アドレス日本巡礼[270]
投稿日:2015年5月4日
長浜探訪
「西国33ヵ所」第30番札所の宝厳寺の参拝を終え、琵琶湖汽船の観光船で長浜港に戻ると、「長浜探訪」を開始する。
まずは長浜城へ。湖北の中心の長浜は、古くは今浜といった。豊臣秀吉がまだ羽柴秀吉と名のっていた頃、この地に城を築き、町の名前を「長浜」に変えた。秀吉にとっては初めて一国一城の主となった城なので、「秀吉の出世城」ともいわれている。湖岸の城で、秀吉は琵琶湖の船運を大いに利用して領国を発展させようとしたのだ。今の長浜城は昭和58年(1983年)に再建されたもので、「長浜城歴史博物館」(入館料400円)になっていている。ここでは江戸前期の高名な茶人であり、造園家の小堀遠州の資料も展示されているが、小堀遠州は長浜の小堀町で生まれた。天守閣に登ると琵琶湖を一望。竹生島がよく見える。
次に長浜駅の旧駅舎へ。JR北陸本線の長浜駅の南側には、旧駅舎が資料館として保存されている。現存する駅舎としては日本最古。明治15年(1882年)3月に北陸線(今のJR北陸本線)の始発駅として建てられた。当時、大津−長浜間は琵琶湖の船で、「大湖汽船」が1日3便、出ていた。長浜は北陸への玄関口だった。「旧長浜駅舎」、「長浜鉄道文化館」、「北陸線電化記念館」の3館が「長浜鉄道スクエア」(入館料300円)になっている。
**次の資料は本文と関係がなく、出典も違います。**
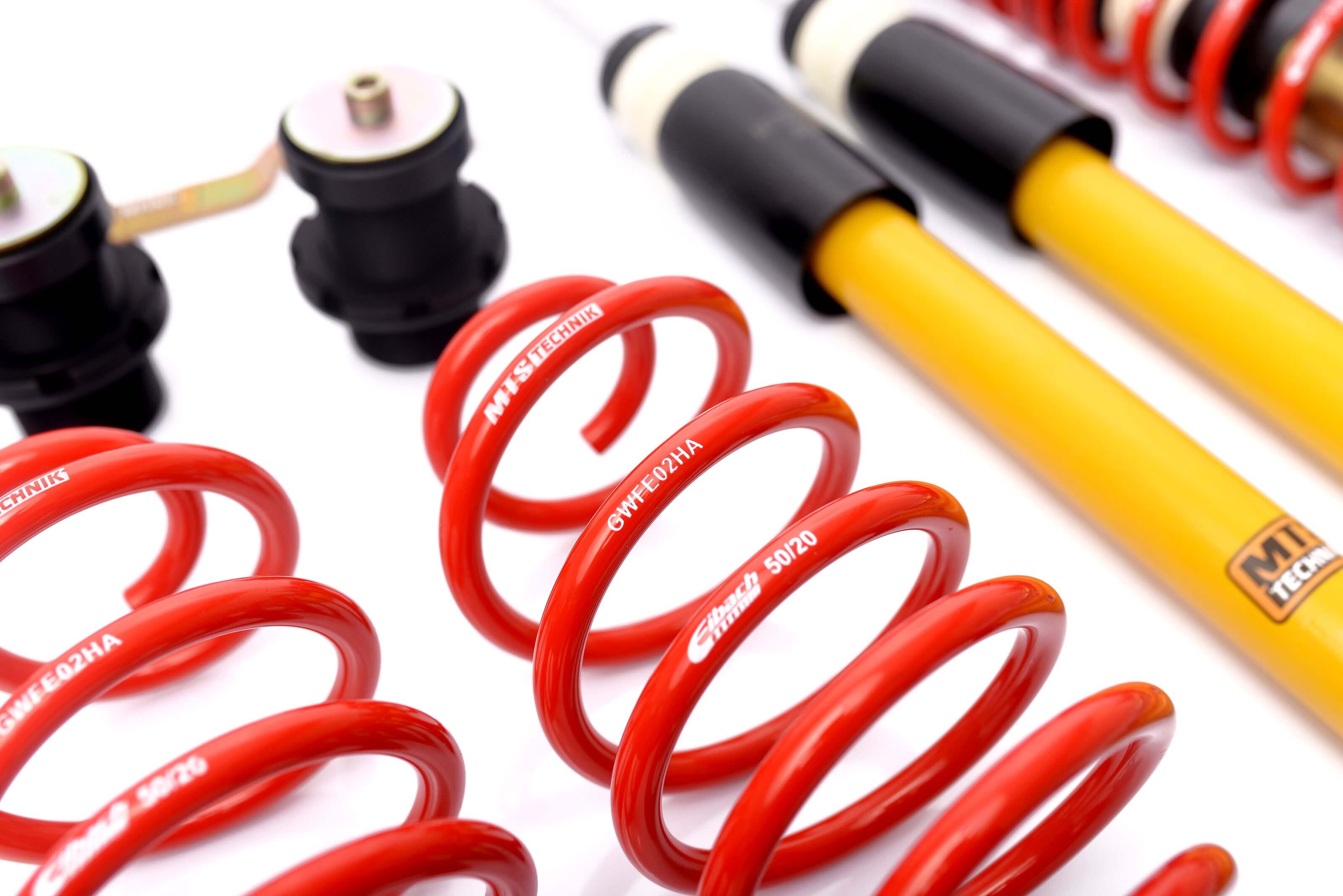 MTS Technik / Eibach coilovers Comfort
「北陸線電化記念館」には北陸本線などを178万キロも走ったD51形の蒸気機関車と日本初の営業用60ヘルツ交流電気機関車のED701形が展示されている。
そして古い家並みが残る北国街道を歩き、旧街道沿いの郷土料理店「翼果楼」で「ふなずし」を食べた。
ふなずしは日本のすしの原型といっていい。麹や酢を用いずに、自然発酵によって酸味を出している。店の主人は「このにおいがいやだといって、食べられない人もけっこういますよ」という。だがきついにおいとはうらはらに、味の方はまさに絶品。年数のたった高級チ−ズを思わせる。
ふなずしの材料となるフナはゲンゴローブナ(源五郎鮒)とニゴロブナ(煮頃鮒)だが、偏平な形をしたゲンゴロウブナよりも、丸みを帯びてふっくらとしたニゴロウブナの方が味がよく上等だという。ニゴロブナは2月から3月に獲る寒ブナで、竹生島北側の奥琵琶湖で獲れるものが最上だという。このように季節と場所を選んで獲ったニゴロブナのうち、生後3、4年の卵を持ったメスをふなずしにしている。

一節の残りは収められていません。